A quick guide for EU-funded Technical Assistance proposals and best practices for implementation
To whom the article is addressed
This article addresses small and medium business consultancy companies. I am convinced that large consulting companies know in great detail everything contained in this article and even more. But I am also convinced that the expertise of small consultancy companies can be extremely valuable and many companies of this kind are afraid to try to participate in technical assistance projects because they do not have the correct understanding of what needs to be delivered in these projects and in which way. I hope that this article will help them and will give more clarity to those who want to access technical assistance projects funded by the European Union.
This article is about Technical Assistance (TA) projects financed by the European Union. I would not like to focus too much on the financing mechanisms for TA projects, although there are significant differences between pre-EU-accession and post-EU-accession stages.

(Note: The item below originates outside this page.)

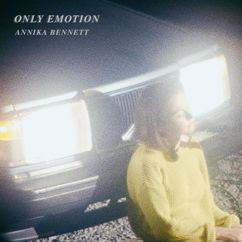 Annika Bennett: Only Emotion
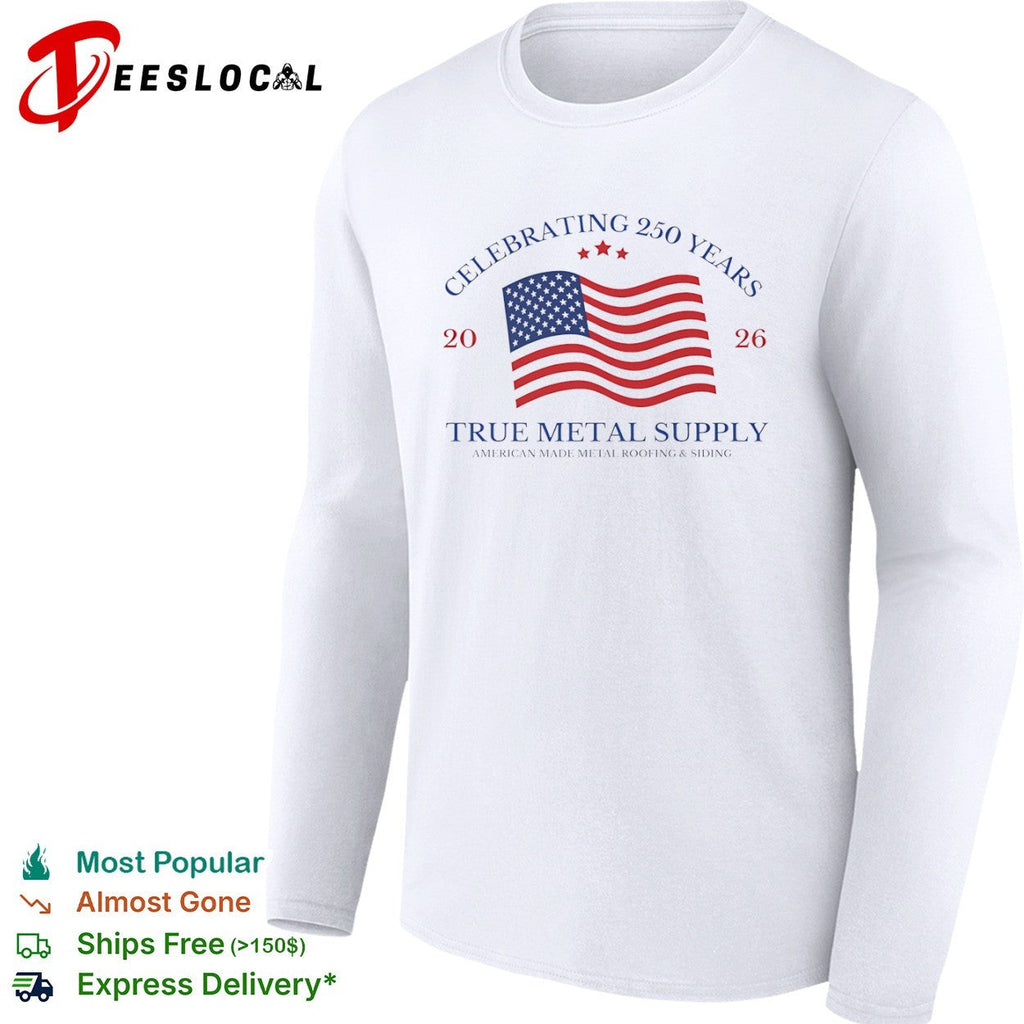 Celebrating 250 Years 2026 True Metal Supply American Made Metal Roofing Siding shirt Unisex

First of all, let’s set the grounds for the next sections of this article … so, what is TA? Well, there are multiple definitions, some of them very abstract or very technical. The bottom line is that TA is a specific service to be provision to the beneficiary in order to help him to achieve a specific objective. The key word in this definition is “help”. Take a look to the picture above, as Consultant, you are the guy on the top of the mountain and you are helping the other guy (the beneficiary) to claim to the top.
So, you are not climbing the mountain on behalf of the beneficiary, the beneficiary is climbing the mountain with your help.
Understanding this approach is the first (and probably the most important) step towards a good proposal and a further successful implementation. The impact of a good understanding of this approach is decisive for determining the scope of work, the implementation strategy and the project budget.
Another important aspect is that TA is (first) about learning-by-doing and (second) about securing long-term results.
In other words, as Consultant, you need (first) to work side-by-side with the beneficiary in order to build the tools and (second) you need to create the framework which will allow the beneficiary to continue, further develop and maintain the results after the implementation ends.